This project is a powerful illustration of how an informal experience can provide rich and meaningful opportunities for people to participate in and learn about science. With some guidance from staff, the participants used the tools of science as they learned the practices, goals, and habits of mind of the culture of science. Similarly, the scientific community responded to participants, modifying their project design as a result of feedback and continued interest in the project.
For example, staff added the Seed Preference Test because participants were looking for a new challenge. Through observation over a long period of time, the citizen scientists documented that a hypothesis developed by lab staff was inaccurate. As is done in the scientific community, their findings were shared in articles published in peer-reviewed journals. Through this fruitful collaboration, the relationship between scientists and citizen scientists evolved, resulting in all members contributing and gaining valuable scientific knowledge.
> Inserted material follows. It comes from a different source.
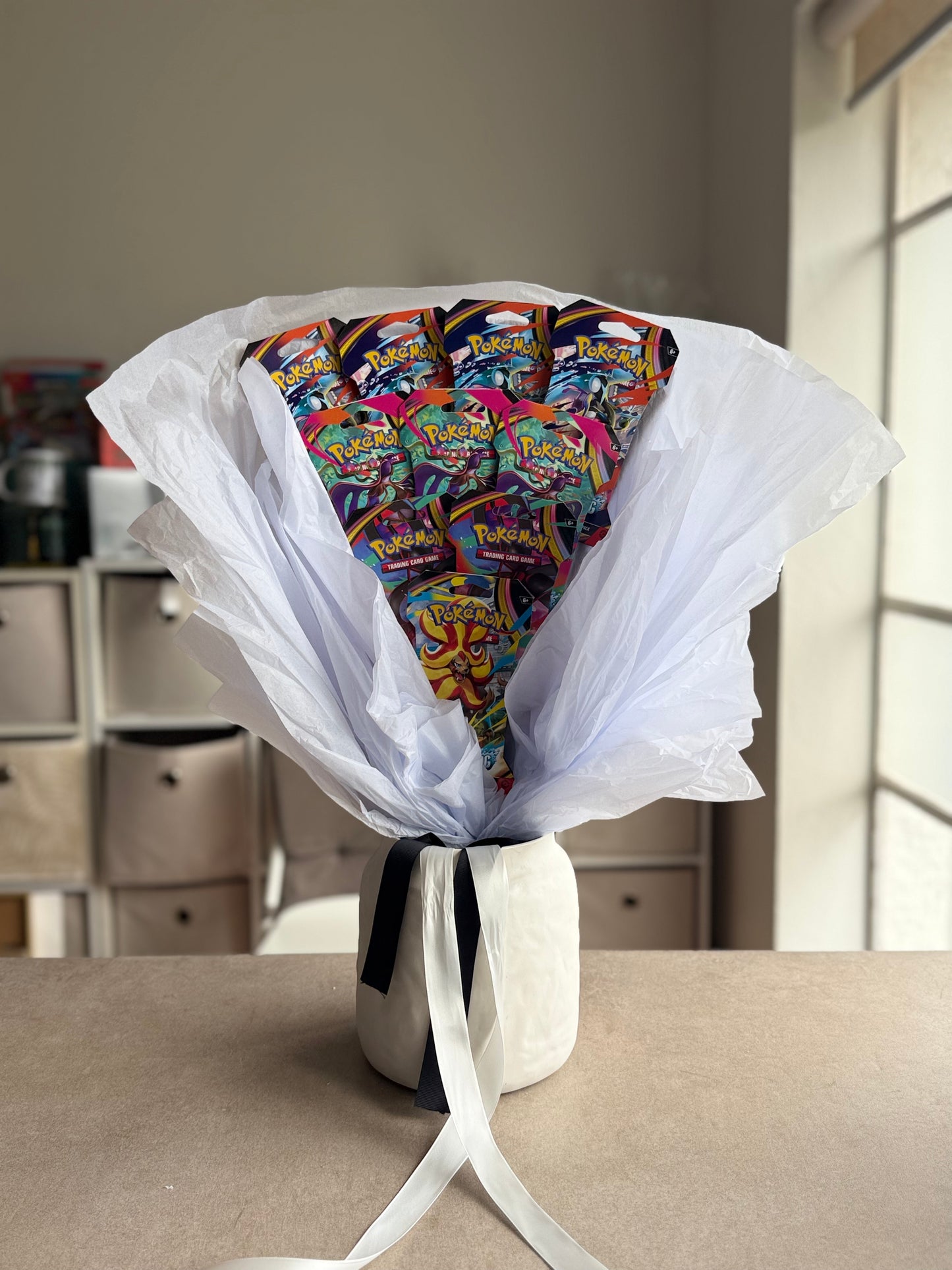 Pokemon Graduation Bouquet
A sustained citizen-science experience like Project FeederWatch provides an ideal opportunity for science novices to become familiar with the process and culture of science and even to become engaged participants in the scientific enterprise. Short-term or one-time informal science education experiences will be more challenged to acquaint learners with the culture of science in the fullest sense. Nonetheless, it is still possible to portray the social, lived, and dynamic aspects of science as part of a science exhibition and short programming.3
Research on learning science makes clear that it involves development of a broad array of interests, attitudes, knowledge, and competencies. Clearly, learning “just the facts” or learning how to design simple experiments is not sufficient. In order to capture the multifaceted nature of science learning, we adopt the “strands of science learning” framework developed in Learning Science in Informal Environments that articulates the science-specific capabilities supported by informal environments. This framework builds on a four-strand model developed to capture what it means to learn science in school settings.4 The two additional strands incorporated for learning in informal environments, Strands 1 and 6, reflect the special commitment to interest, personal growth, and sustained engagement that is a hallmark of informal settings. The strands provide a framework for thinking about elements of scientific knowledge and practice.